LUSSO E CREATIVITÀ ITALIANI ACCENDONO I SOGNI CINESI -
I rapporti fra gli imprenditori italiani della moda e la realtà cinese sono intensi, vivono di nuove scommesse da parte dell’industria tricolore, che ha eletto la Cina ricca e desiderosa di sogni quale nuovo palcoscenico mondiale. E alla nona edizione del Milano fashion global summit 2010 organizzato quest’anno a Shanghai da Class editori (che partecipa al capitale di questo giornale) insieme a Bank of America Merrill Lynch e con la Cnmi-Camera nazionale della moda italiana come partner, tutti hanno le idee molto chiare.

Della Valle, made in Italy inimitabile, ma da tutelare. «Inimitabile e imbattibile, a patto però di tutelarlo». Diego Della Valle, patron del gruppo Tod’s, con i marchi Tod’s, Hogan, Fay e Roger Vivier coniuga da anni lo stile e l’originalità italiana in una dimensione globale.

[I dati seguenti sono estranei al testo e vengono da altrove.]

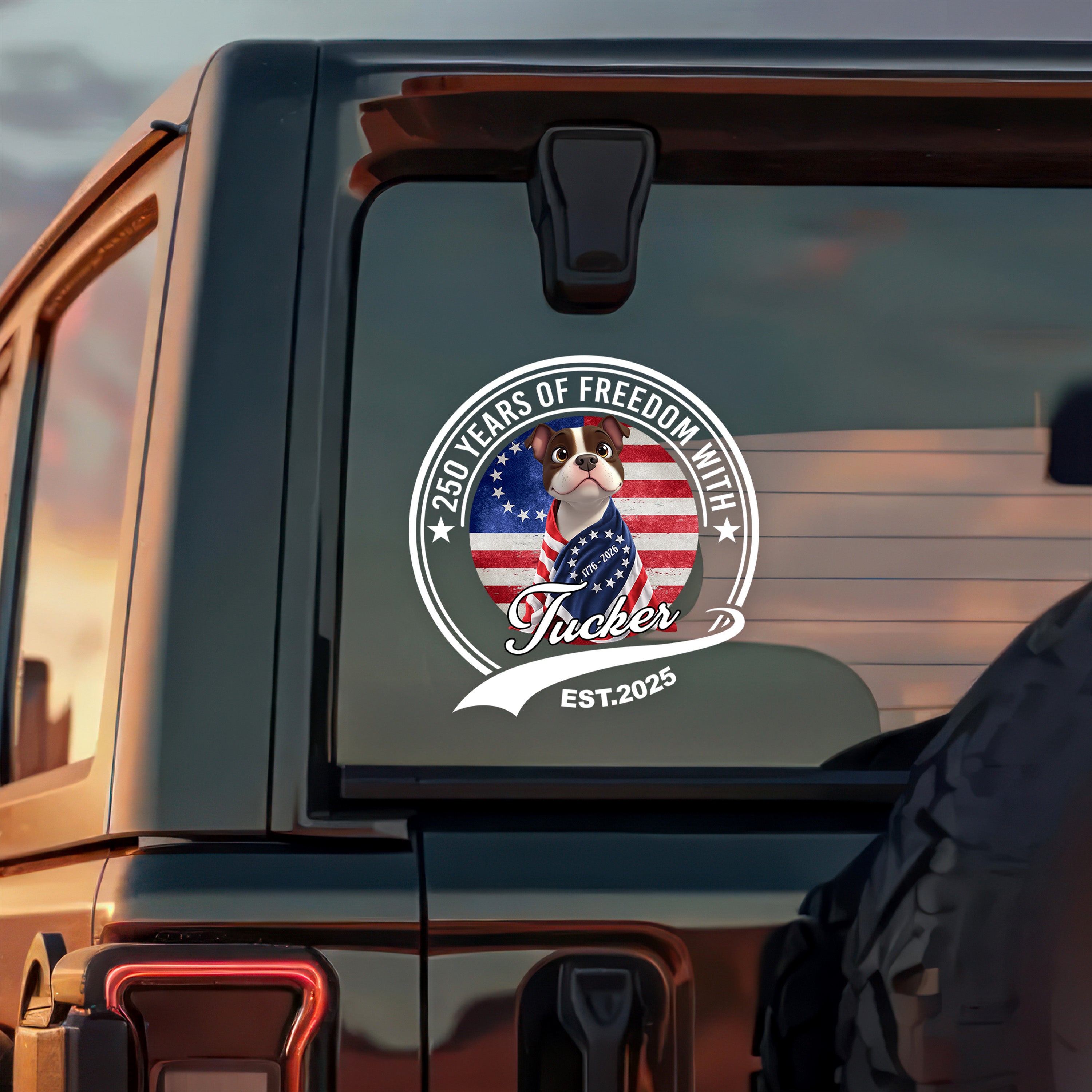 Personalized 250 Years Of Freedom With Dog Car Sticker HO82 901230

In Cina è presente da 15 anni e qui fra poco debutterà anche il marchio Hogan, per il quale è in costruzione il palazzo che ospiterà il primo punto vendita nel paese asiatico: «L’idea del made in Itvaly non è astratta.

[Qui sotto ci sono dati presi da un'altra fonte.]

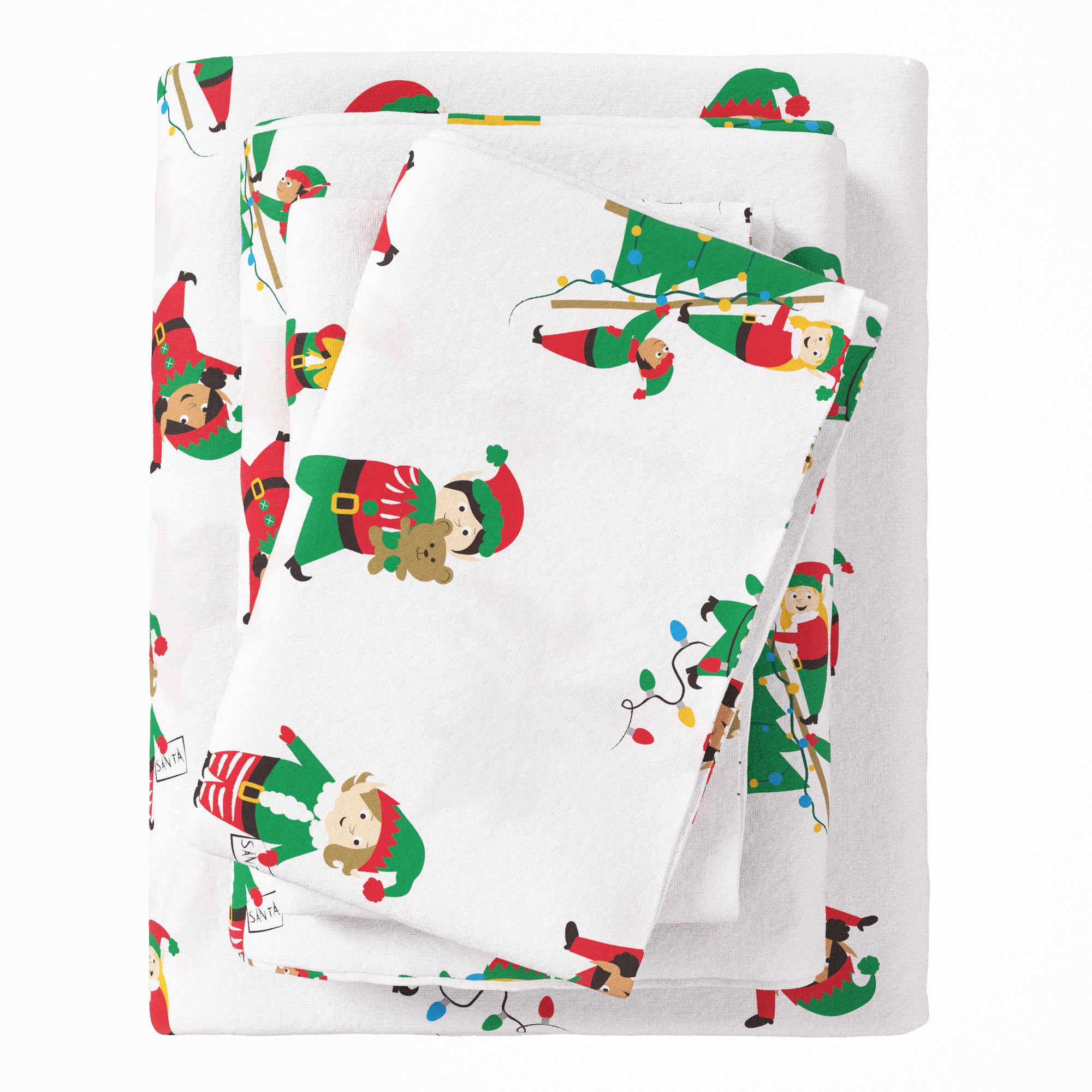 White blanket with Christmas elf pattern on a white background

Si basa invece su decine di migliaia di aziende, quasi tutte di piccole dimensioni che producono anche da qualche generazione nel miglior modo possibile», ha dichiarato Della Valle. «L’Italia è un paese che grazie al grande senso della cultura è abituato a ragionare in modo raffinato. Non si deve però pensare solo ai grandi marchi ma a tutto il sistema che il mondo intero ci invidia. Se non facciamo errori sarà difficile che i cinesi cambino idea sul loro gusto verso la produzione italiana».

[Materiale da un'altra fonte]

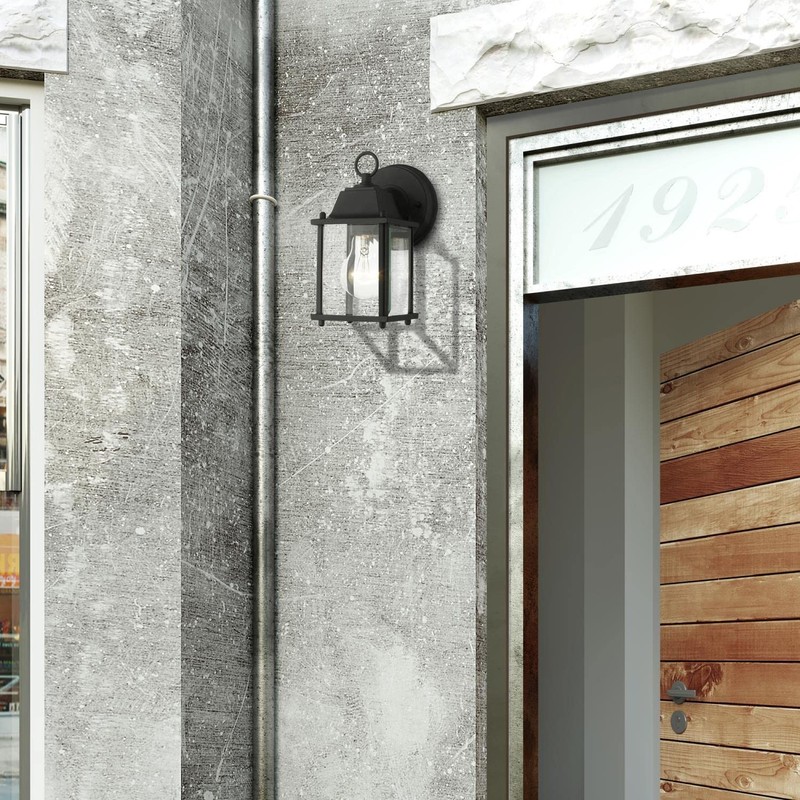 Livex Lighting 7506-14 Frontenac 1-Light Outdoor Wall Lantern, Black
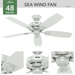 Sea Wind 48" Ceiling Fan-Fans-Hunter-Lighting Design Store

Travel retail, l’asso di Ferragamo. «La nostra crescita è stata davvero rapida nel paese», dice Michele Norsa, a.d. di Ferragamo, il gruppo che in Cina sta crescendo a doppia cifra (l’anno si sta chiudendo con un +30% nelle vendite). «Dopo la fatica iniziale, siamo riusciti a trovare un nostro posizionamento, facendo leva su diversi fattori. Da un lato, indubbiamente, c’è stato il vantaggio di avere anche una collezione uomo, fondamentale in tutti i nuovi mercati dove il menswear per motivi sociologici corre più rapidamente del womenswear. In secondo luogo, siamo riusciti a valorizzare al meglio il nostro heritage, basato in primo luogo sull’artigianalità. Per conquistare il consumatore cinese, un marchio deve farsi portavoce di valori chiave: essere il simbolo di un’eleganza classica, che duri nel tempo e, tanto più in momenti di crisi, non si esaurisca in una stagione soltanto; presentare prodotti con un giusto rapporto qualità-prezzo perché i consumatori cinesi sono davvero informati su ciò che comprano; e dare un tocco di magia, associando il suo nome a quello delle star hollywoodiane».

Il futuro è all’insegna del travel retail, che si traduce nell’apertura di «store all’interno di numerosi aeroporti cinesi».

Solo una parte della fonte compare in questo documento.